Ricordo ancora un altro passaggio del discorso programmatico
che più volte veniva richiamato ai volontari, ai sacerdoti e alle
carissime suore (Adoratrici del Sangue di Cristo, suore della
Carità, Missionarie del Calvario):
La nostra Chiesa è convocata e invitata alla preghiera. Lo fu nel
Cenacolo… prima di partirsi per operare la propria missione nel
mondo… Lo fu e lo è in ogni momento della sua storia.

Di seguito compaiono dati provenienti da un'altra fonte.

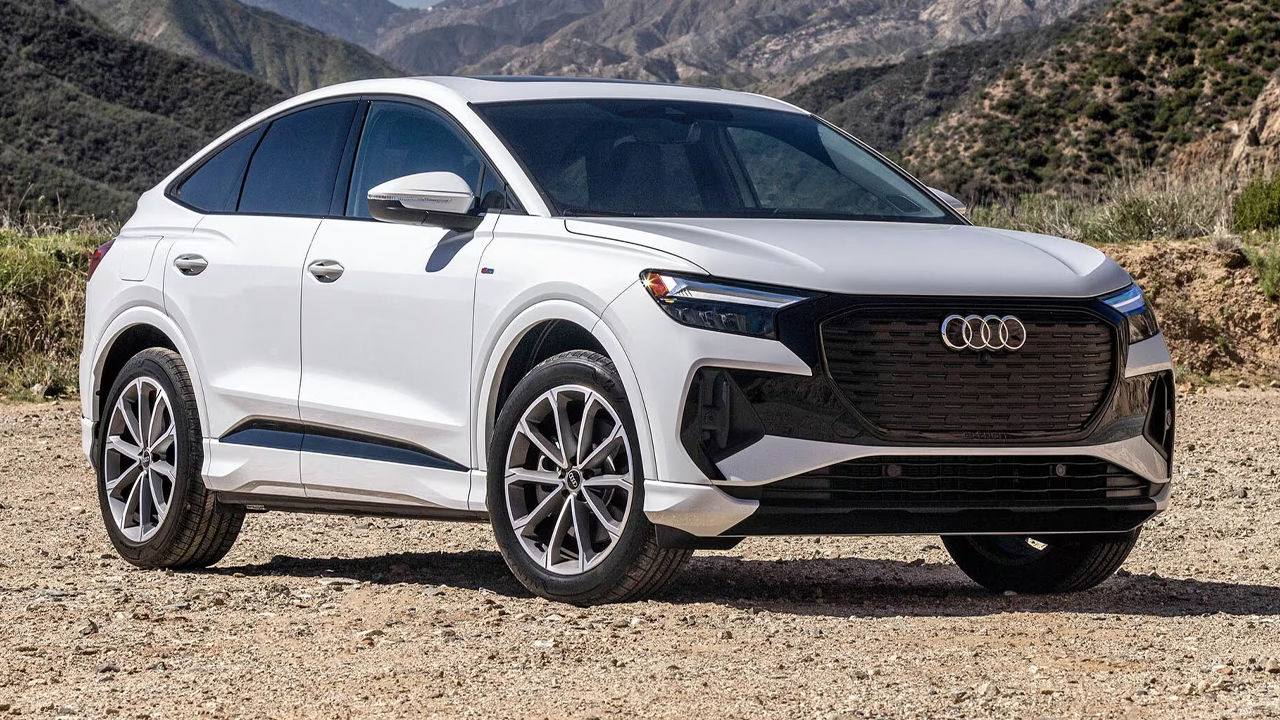 Front view of the Audi Q4 Sportback e-tron 2024 on a sandy road on a summer's day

La seconda spesa che ricordo con gioia fu quella di un tabernacolo
bello e attraente. Tutti lo richiedevano, anche perché non
solo si moltiplicavano le ore di adorazione dei gruppi di preghiera
e quelle guidate dai sacerdoti, ma soprattutto dal mattino
presto alla sera, per lungo tempo, tanti fedeli sperimentavano il
«per Mariam ad Iesum» con la sosta prolungata davanti a Gesù
Eucaristia.
Altro momento importante fu la realizzazione della Tenda
Bianca per le celebrazioni eucaristiche che erano divenute, a
motivo dei pellegrinaggi quotidiani e festivi, delle grandi assemblee.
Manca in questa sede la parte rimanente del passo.